<<<<

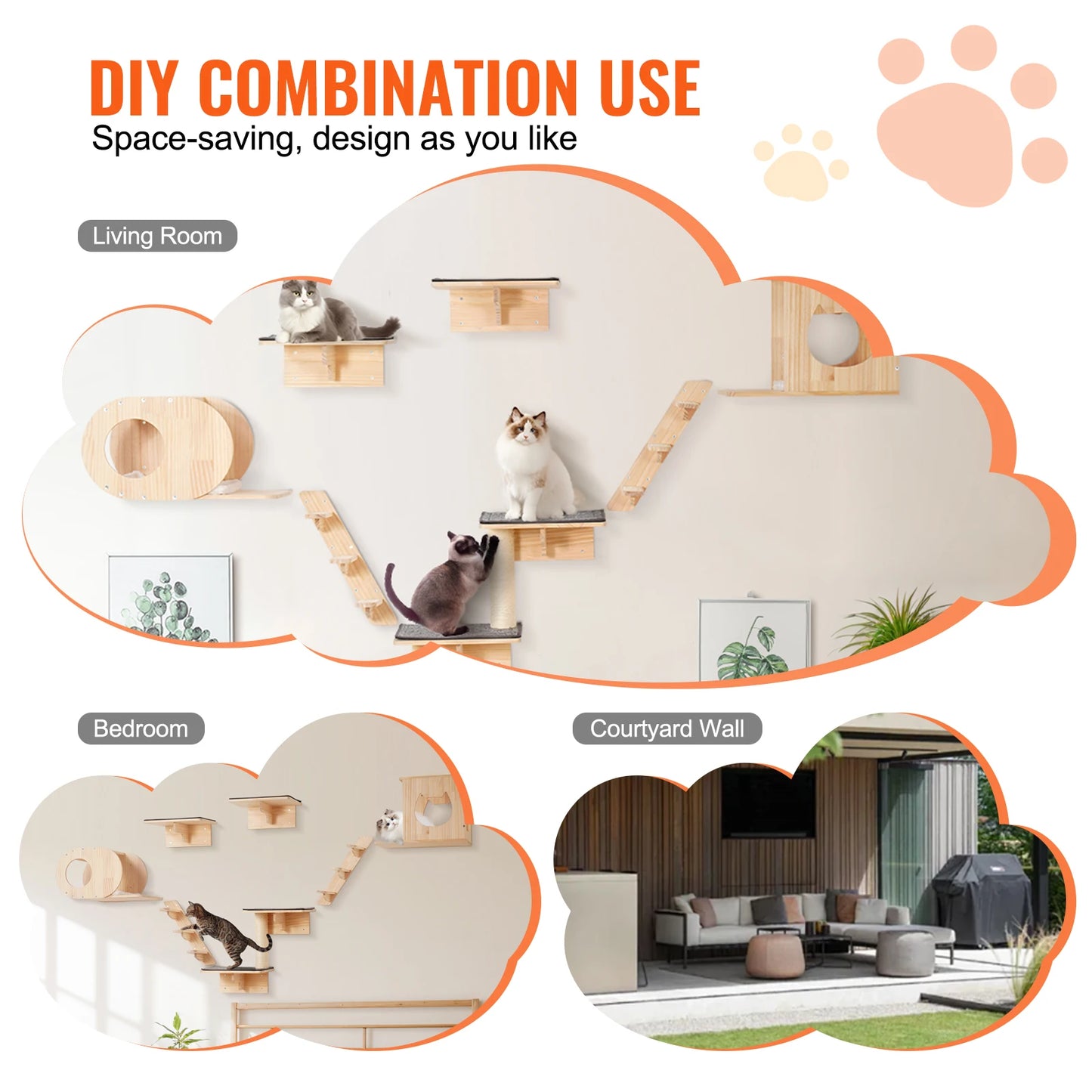SucceBuy Wall Mounted Cat Shelves Perches Hammocks Cat Tree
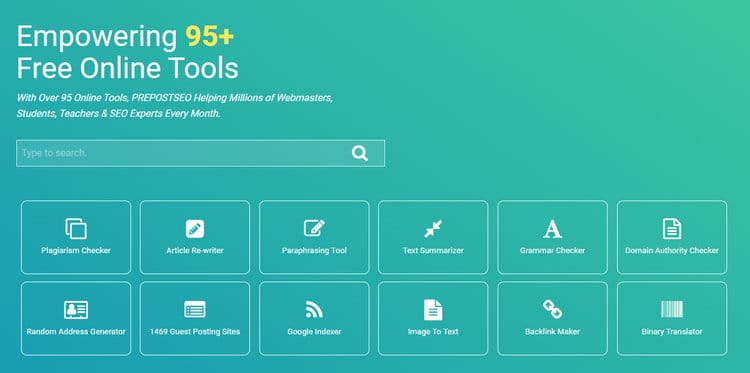 Mit über 95 Online-Tools hilft PREPOSTSEO jeden Monat Millionen von Webmastern, Studenten, Lehrern und SEO-Experten.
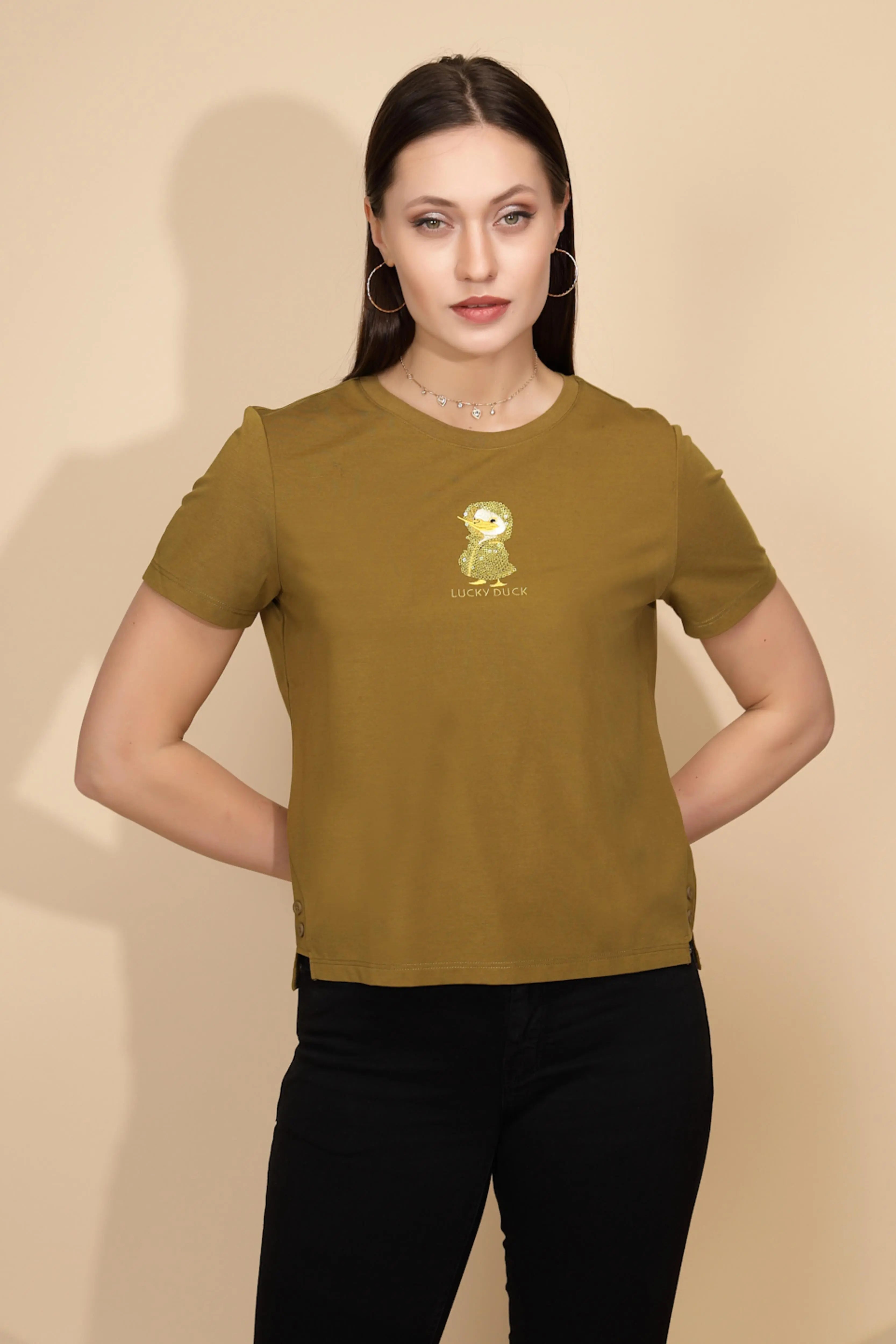 Olive Cotton Blend Regular Fit Top - Global Republic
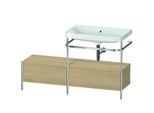 Duravit Happy D.2 Plus Möbelwaschtisch-Kombination HP4857N7171 140x49cm, mit Metallkonsole, ohne Hahnloch, mediterrane Eiche
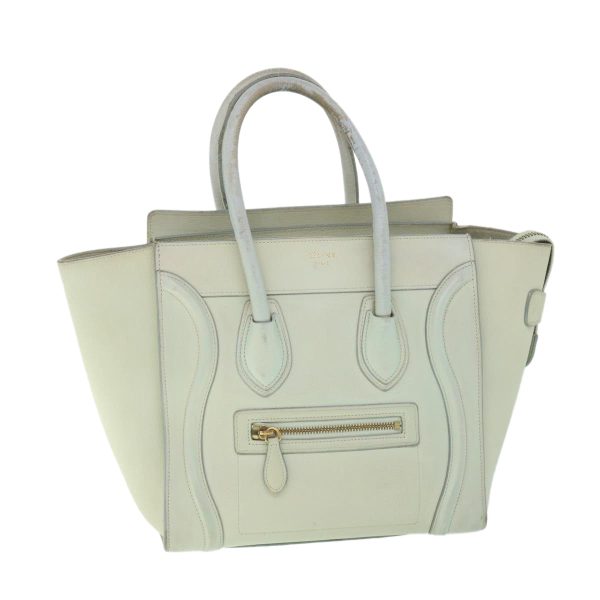 CELINE Luggage Hand Bag Leather Beige ar10492 Supply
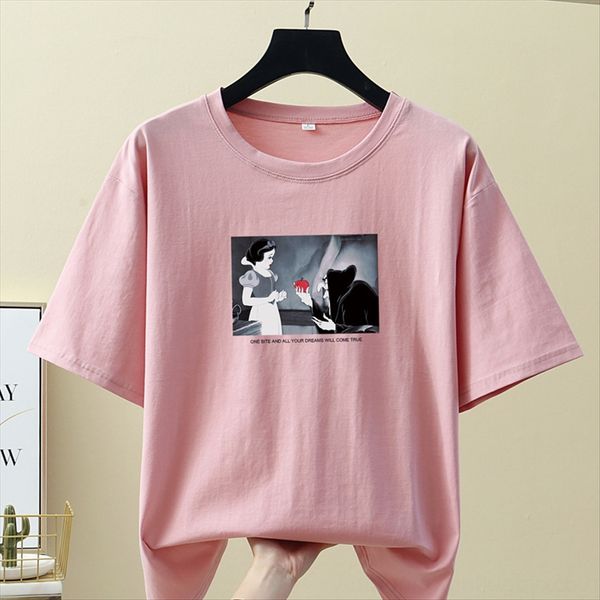 95 cotton 2020 large size short sleeve women's summer round collar casual loose women's t-shirt t-shirt top, White
95 cotton 2020 large size short sleeve women's summer round collar casual loose women's t-shirt t-shirt top, White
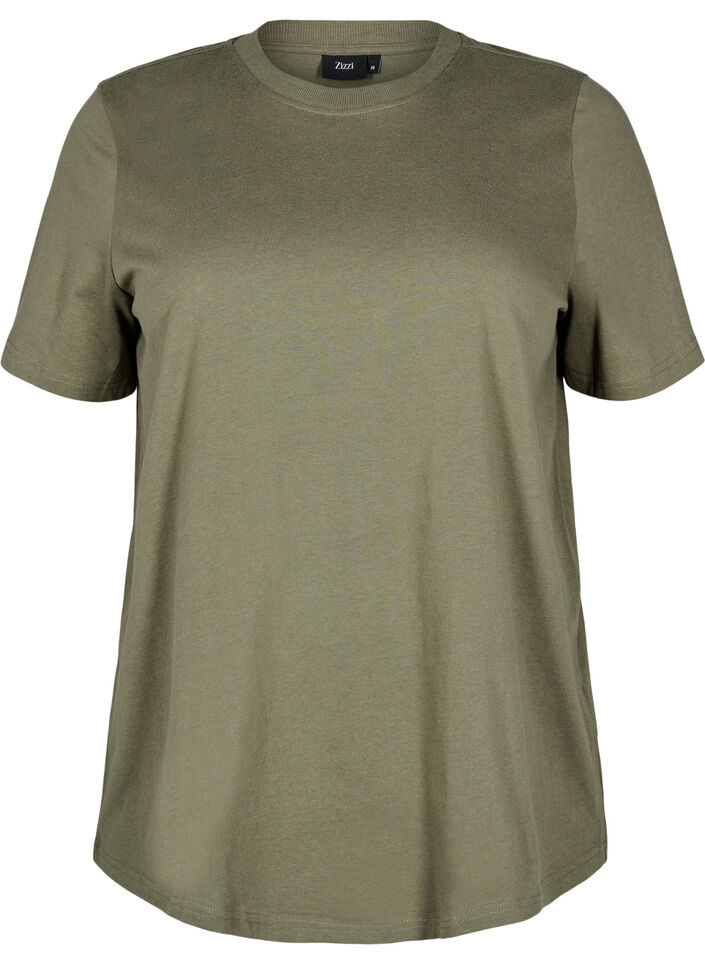 Basic T-skjorte i bomull med rund hals, Gr&oslash;nn, Packshot image number 0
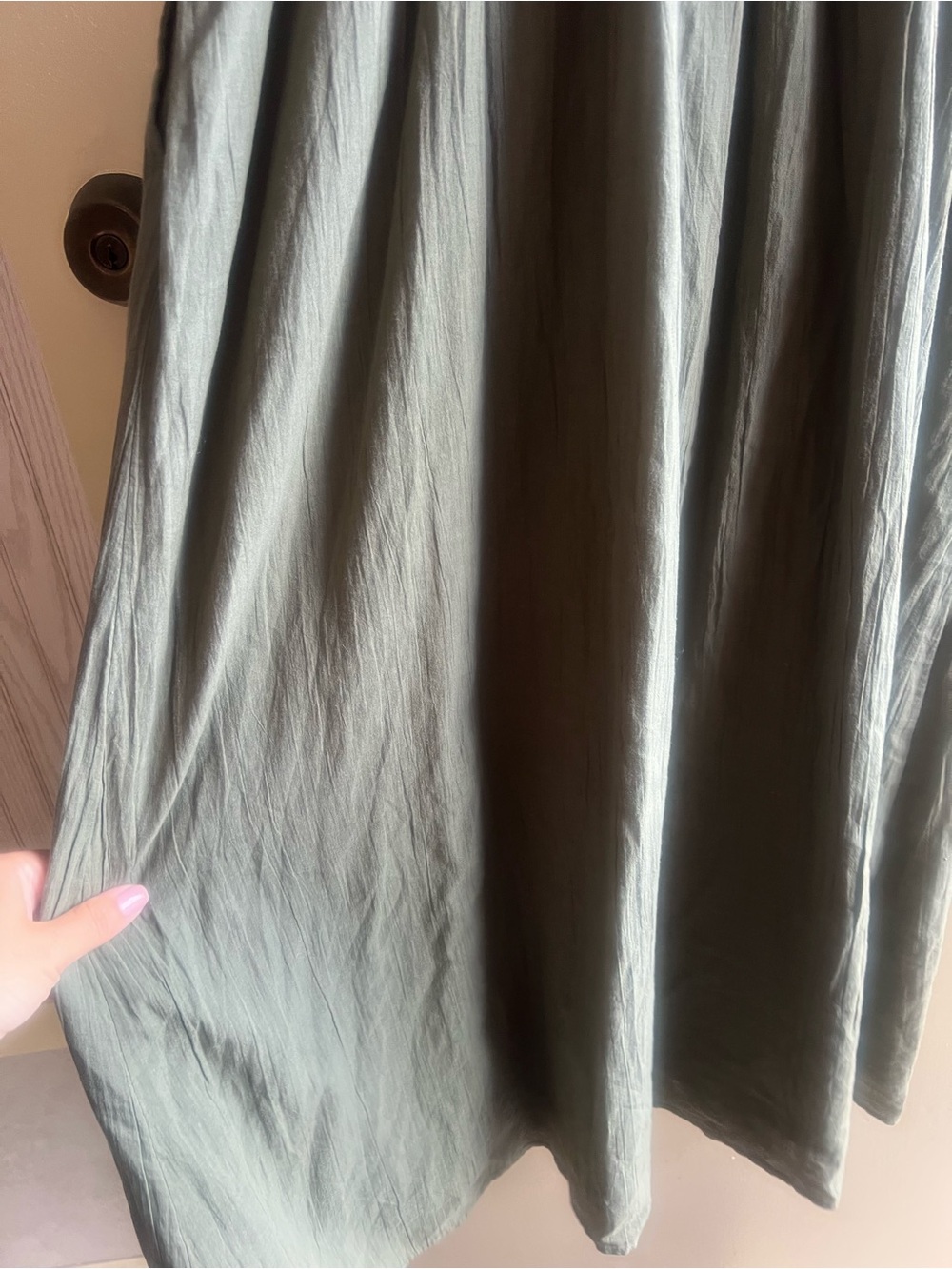American Eagle Outfitters Olive Green V-Neck Midi Dress - Picture 6 of 8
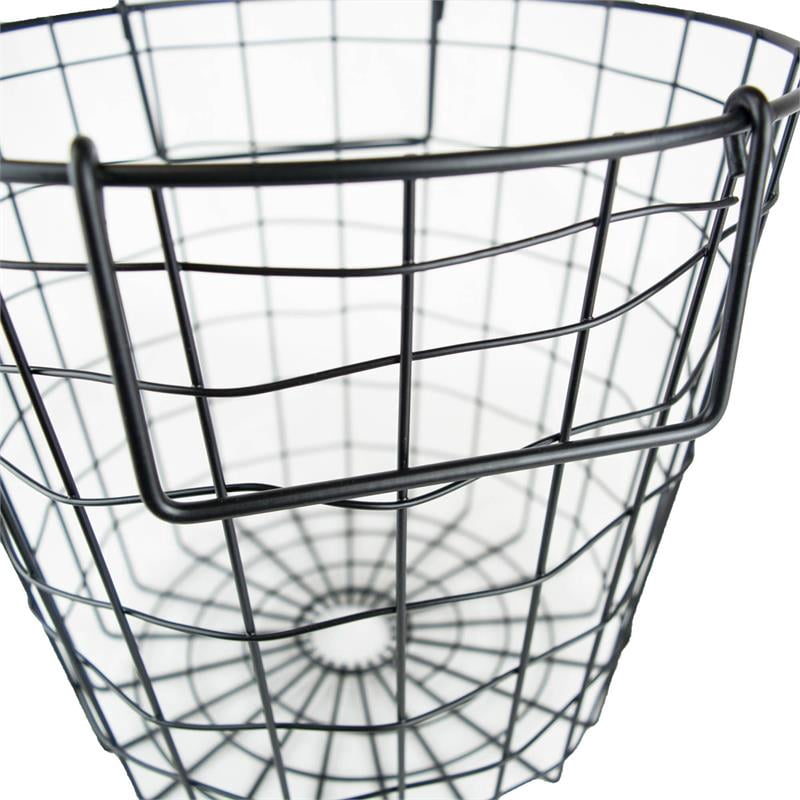 DII 12x12" Round Modern Metal Small Sturdy Design Basket in Black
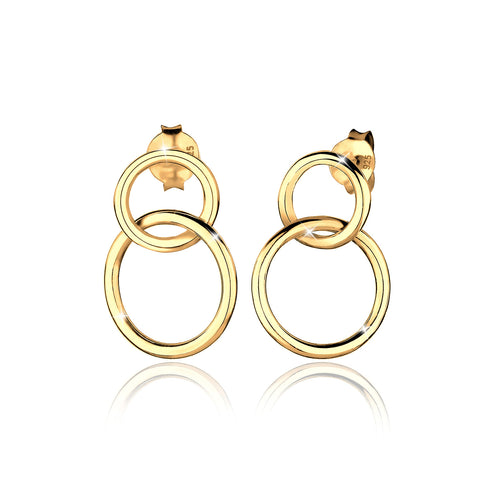 Gold - Elli | Ohrhänger Geo | 925 Sterling Silber vergoldet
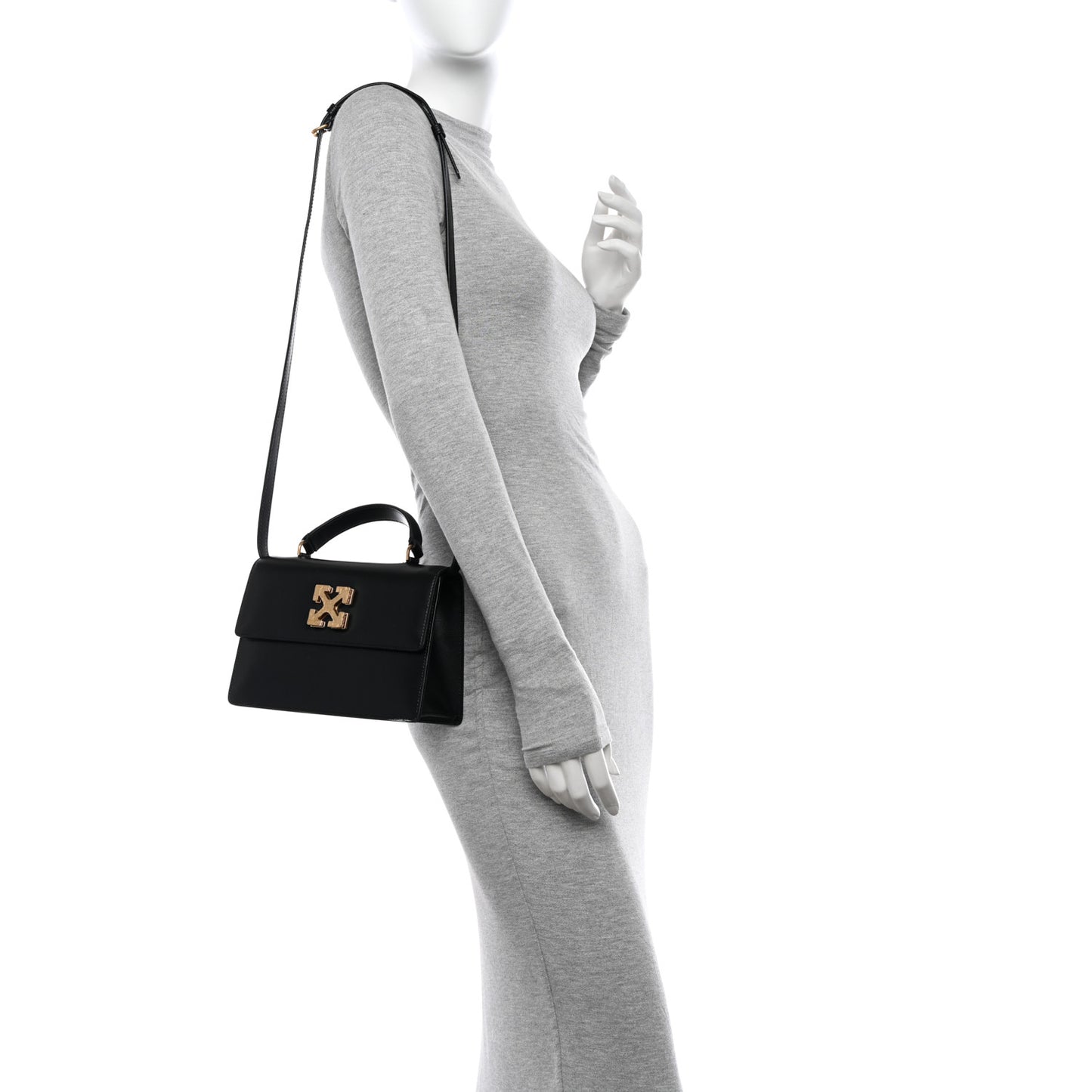 Calfskin Jitney 1.4 Top Handle Bag Black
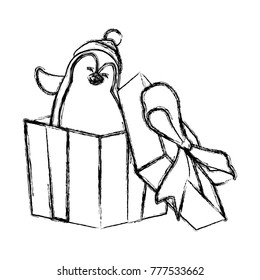 Penguin in christmas giftbox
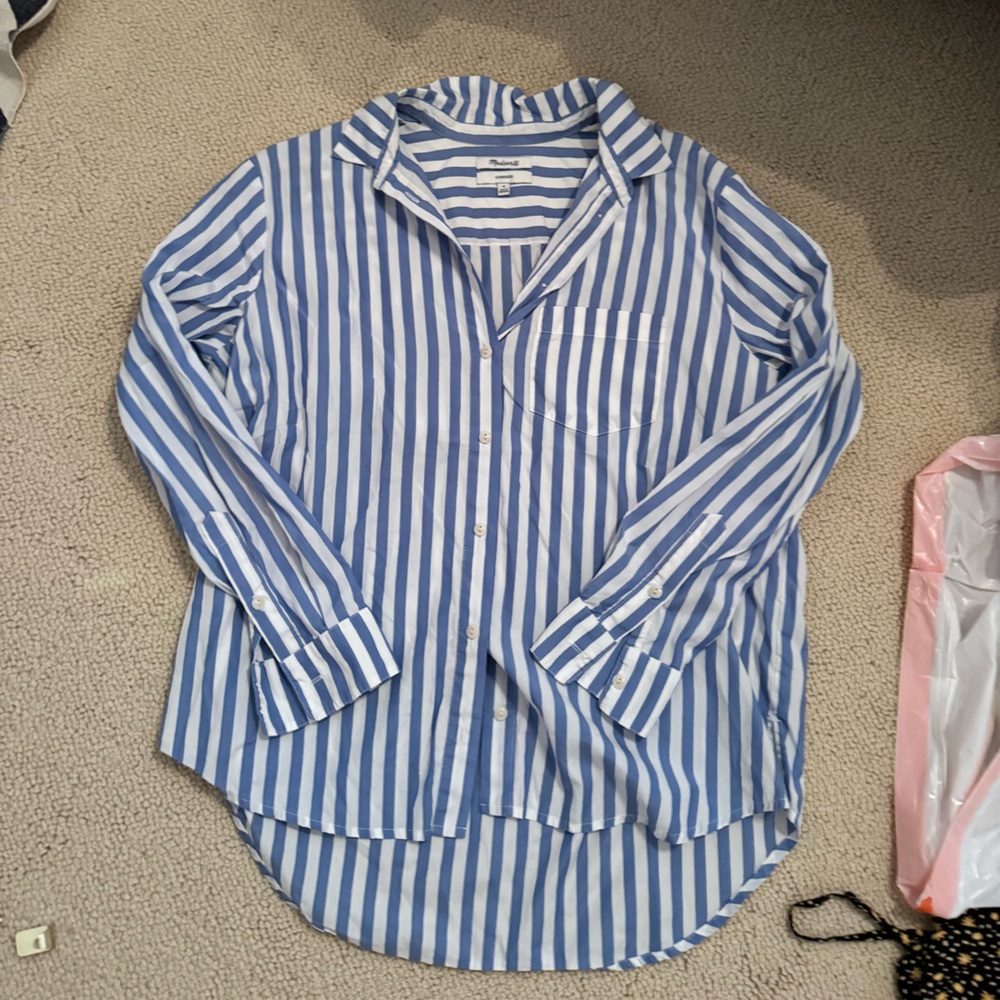 Madewell Oversized Sky Blue and White Striped Shirt - Picture 2 of 5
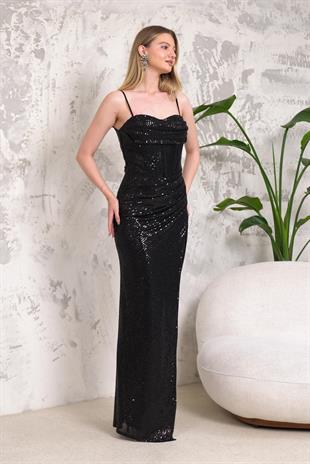 Askılı Önden Yırtmaçlı Payetli Siyah Abiye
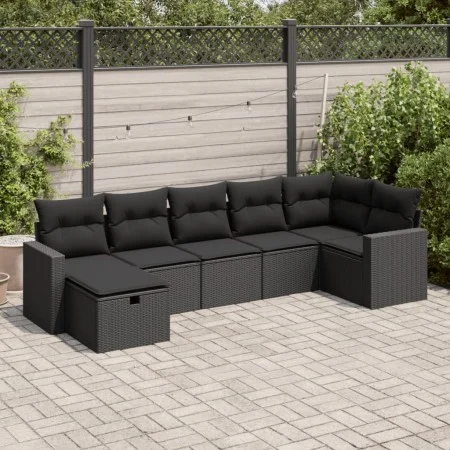 Set de sofás de jardín 7 pzas con cojines ratán sintético negro by , Garden sets - Ref: Foro24-3325401, Price: 452,56 €, Disc...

>>>>

Take the lines from the one that contains "Basic T-skjorte i" down to the last line of the listing above, both included, and set them down exactly, leaving out pictures.

 Basic T-skjorte i bomull med rund hals, Gr&oslash;nn, Packshot image number 0
American Eagle Outfitters Olive Green V-Neck Midi Dress - Picture 6 of 8
 DII 12x12" Round Modern Metal Small Sturdy Design Basket in Black
 Gold - Elli | Ohrhänger Geo | 925 Sterling Silber vergoldet
 Calfskin Jitney 1.4 Top Handle Bag Black
 Penguin in christmas giftbox
 Madewell Oversized Sky Blue and White Striped Shirt - Picture 2 of 5
 Askılı Önden Yırtmaçlı Payetli Siyah Abiye
 Set de sofás de jardín 7 pzas con cojines ratán sintético negro by , Garden sets - Ref: Foro24-3325401, Price: 452,56 €, Disc...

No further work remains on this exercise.